# Non-plastic steamer?



## dicedtomato (May 24, 2004)

Our Krups vegetable/rice steamer is due for replacement. But my wife doesn't want another plastic steamer because she's afraid they might have harmful chemicals. She also doesn't want an aluminum steamer (not sure why).

Are there any good steamers out there that aren't plastic or aluminum?

DT


----------



## -DEADLY SUSHI- (May 24, 2004)

Yikes!    No plastic.... no aluminum??? 
Tell her that the ONLY other steamers left are lead!!! Then.... is will look at the plastic & aluminum as great alternatives!


----------



## kyles (May 25, 2004)

What about stainless steel? Do you get the expandable basket type ones in your country?

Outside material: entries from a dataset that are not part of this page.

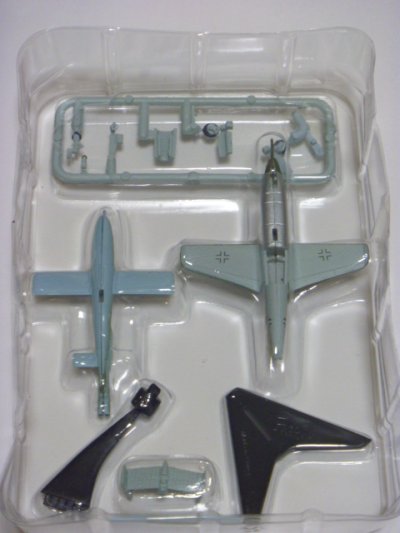 画像2: エフトイズ 1/144戦闘機 初期ジェット機コレクション　05S He162A/V-1シークレット ドイツ空軍 第1戦闘航空団 第1飛行隊「白の6」 箱なし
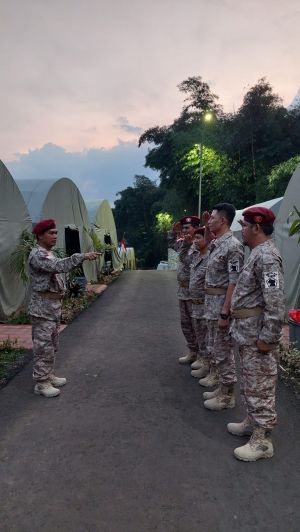 Saat Abun Yani Jadi Komandan Peleton Diklat DPRD Gerindra Hambalang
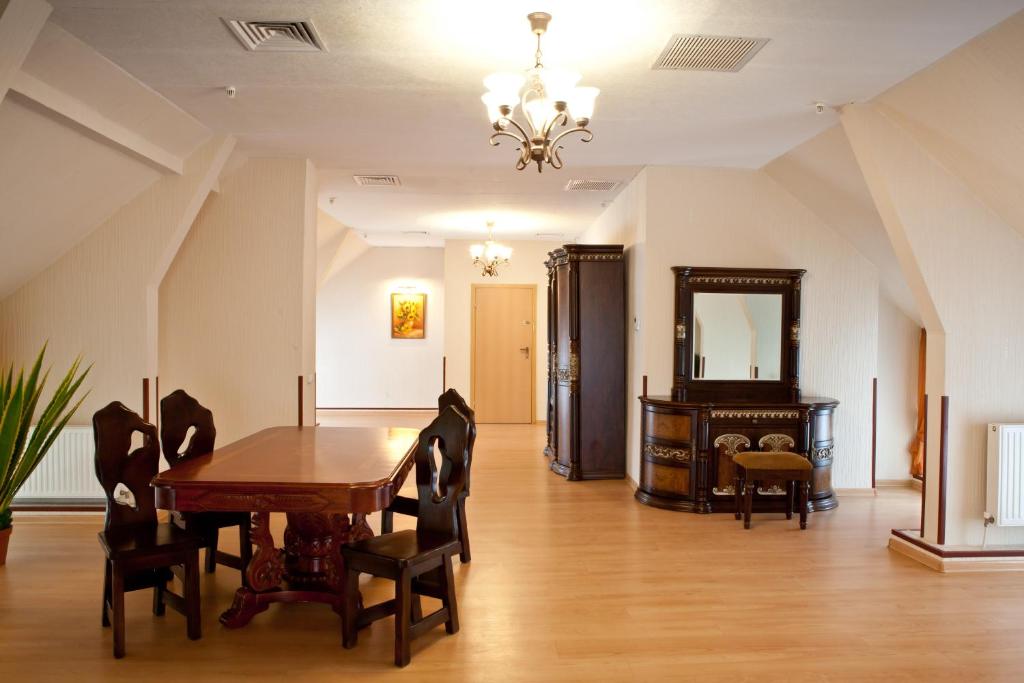 Posezení v ubytování Hotel Complex Verhovina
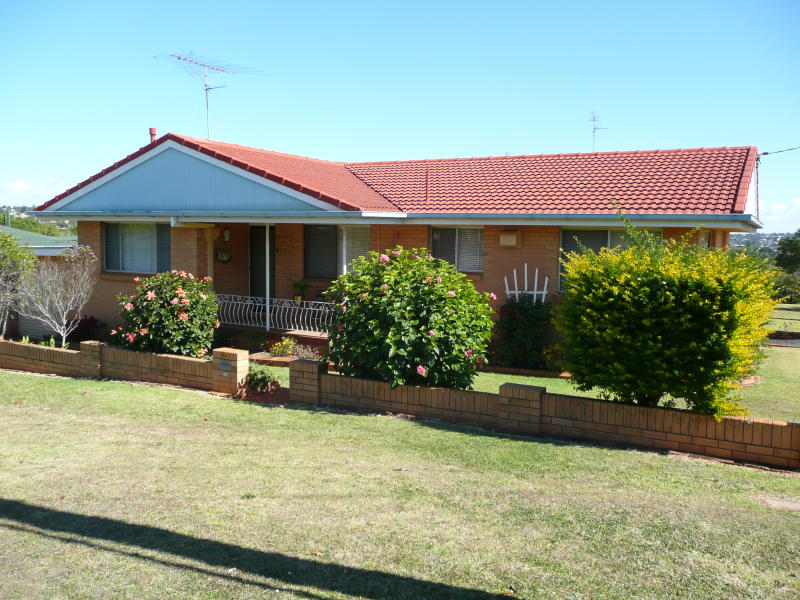 143 Mackenzie Street, East Toowoomba, QLD 4350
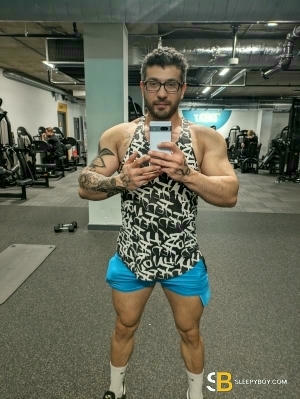 Gay Escort Phi Masseur 28yr - blowjob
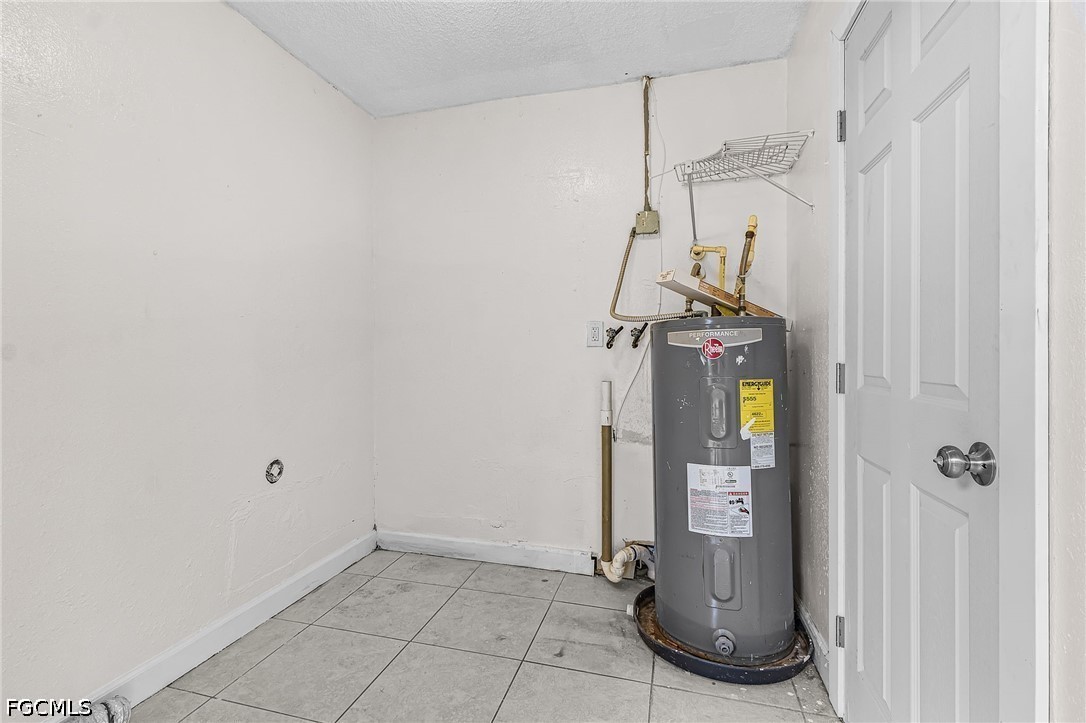 24 Andros, Lehigh Acres, FL 33936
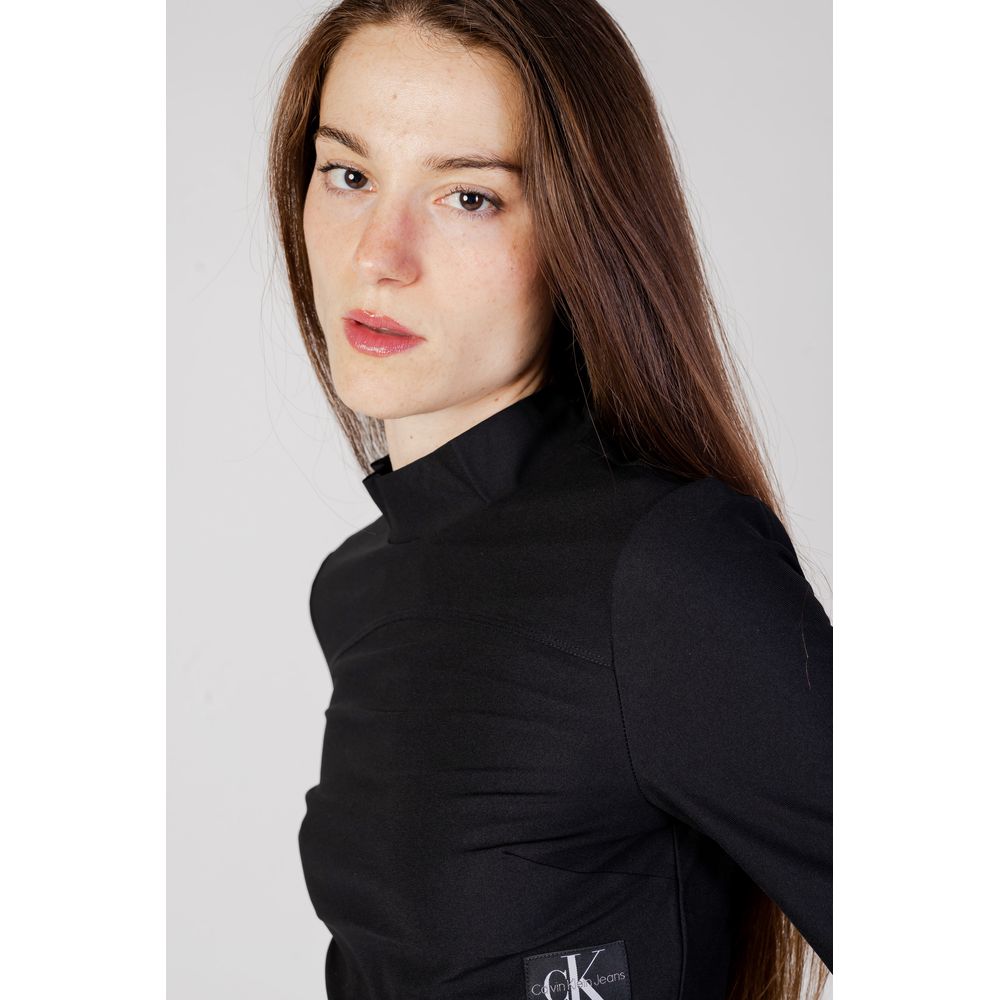 Calvin Klein Jeans – Schwarzes Oberteil aus recyceltem Polyester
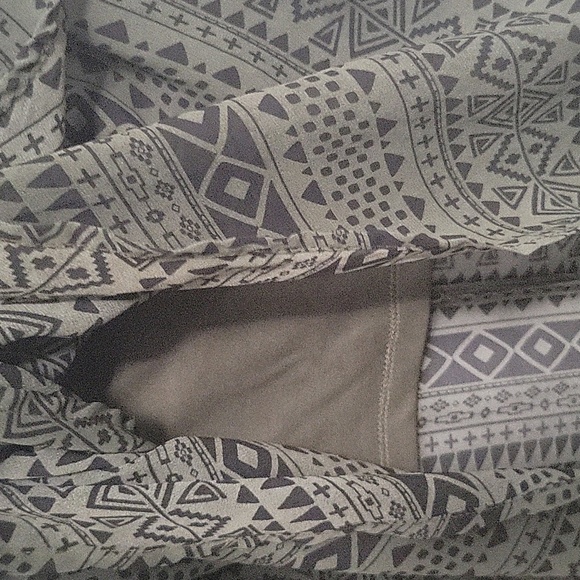 Inis Tribal Geometric High-Low Asymmetrical Skirt Dark Green and Black - Picture 10 of 10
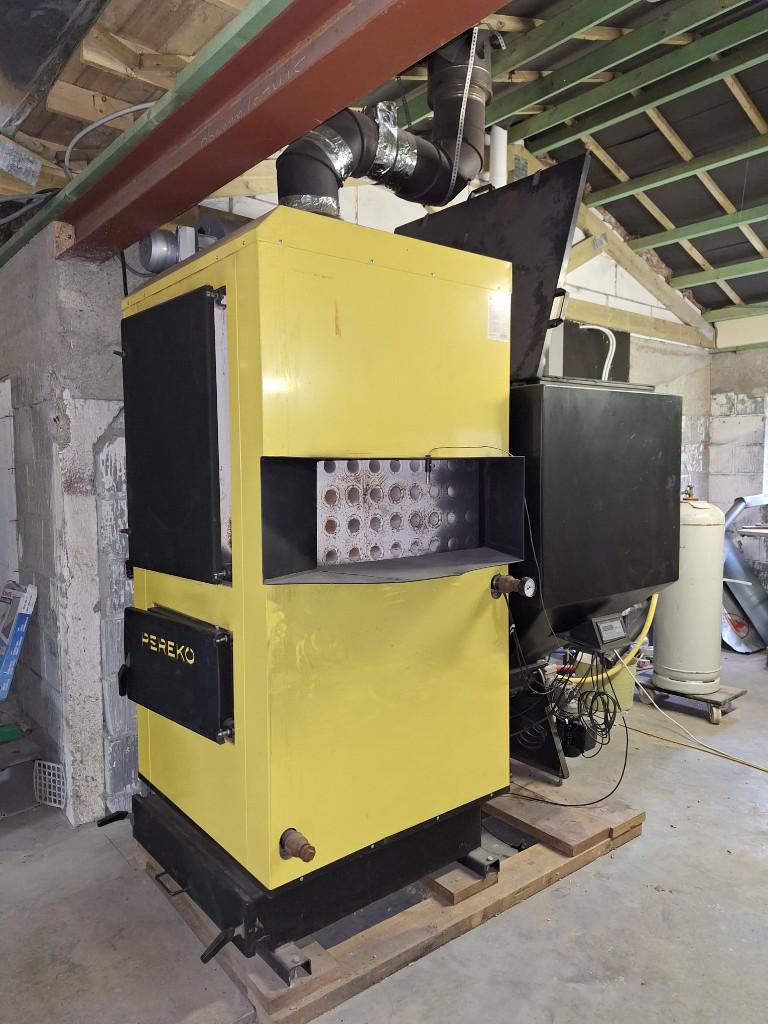 Pereko nwp 100 kw pellet kolen cv kachel, werkplaats, Huis en Inrichting, Kachels, Ophalen, Gebruikt, Overige brandstoffen, Pelletkachel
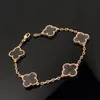 Orecchini misti a forma di quadrifoglio Orecchini a bottone Gioielli di design Collane con ciondolo di lusso Bracciale Orecchino Oro Argento Madreperla Versione alta Collana da donna Regalo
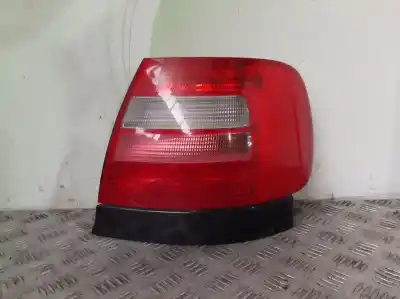 Автозапчасти б/у правый задний фонарь за audi a4 avant (b5) 1.8 ссылки oem iam   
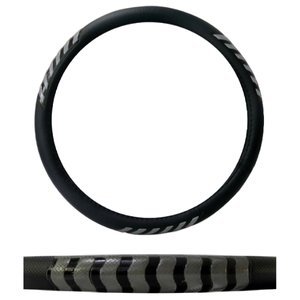 FUNDA PARA VOLANTE EXTRA EXTRA GRANDE CON REFLEJANTE DE 45 CM CON FLECHAS ONDULADAS NEGRO CON PLATA.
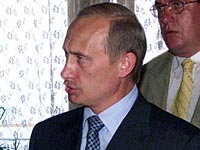 Владимир Путин после гибели подлодки "Курск". Август 2002 года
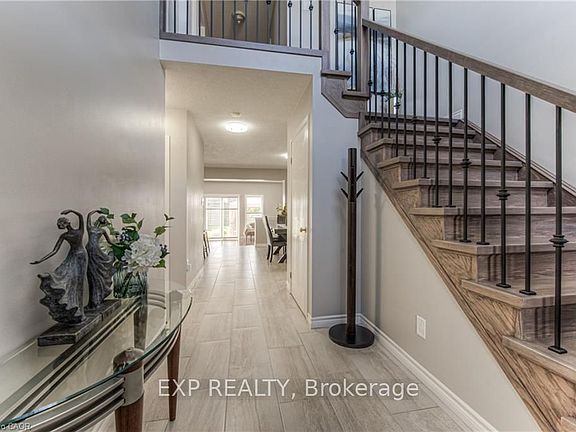 3rd image of 308 Colton Cir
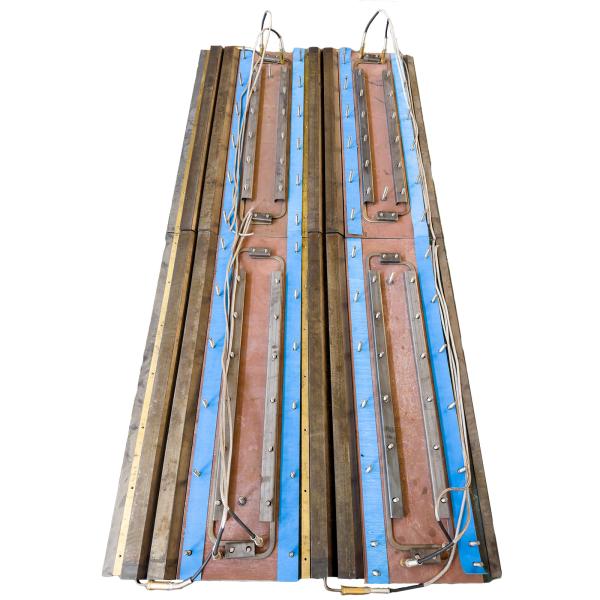 VDT-V783 Bottom ironing plate Screed plates and Electric heating rod Main engine right part RM80617244/RM80617251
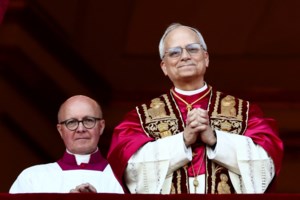 Η άγνωστη ιστορία για τη συνάντηση του Θανάση Βέγγου με τον νέο πάπα- Εγινε στην Κολομβία πριν από 30 χρόνια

Or the chinese bamboo ones, they are fine for general use as well. And if she prefers "natural" that would be the way I would go. You can get them in a huge variety of sizes, from little bitty ones to huge ones and you can stack 'em as well. They won't last as long as stainless steel, however, they are cheap enough so that you can replace them yearly. And when they are no longer fit for steaming the look ok as fruit or display bowls as well.


----------



## dicedtomato (May 25, 2004)

Which stainless steel steamers do you recommend? We need a machine with an automatic dial setting so her fumble-fingered husband (me) can steam dinner. I notice Zojirushi has a stainless steel steamer.

DT



			
				kyles said:
			
		

> What about stainless steel? Do you get the expandable basket type ones in your country? Or the chinese bamboo ones, they are fine for general use as well. And if she prefers "natural" that would be the way I would go. You can get them in a huge variety of sizes, from little bitty ones to huge ones and you can stack 'em as well. They won't last as long as stainless steel, however, they are cheap enough so that you can replace them yearly. And when they are no longer fit for steaming the look ok as fruit or display bowls as well.


----------



## kyles (May 25, 2004)

I'm in England, so I brands are way different here. I meant one you use on the hob/stove top rather than an electric model. Perhpas one of the other listers can give you more specific advice.


----------



## GB (Jul 14, 2004)

How about a bamboo steamer? I love mine and use it all the time.


----------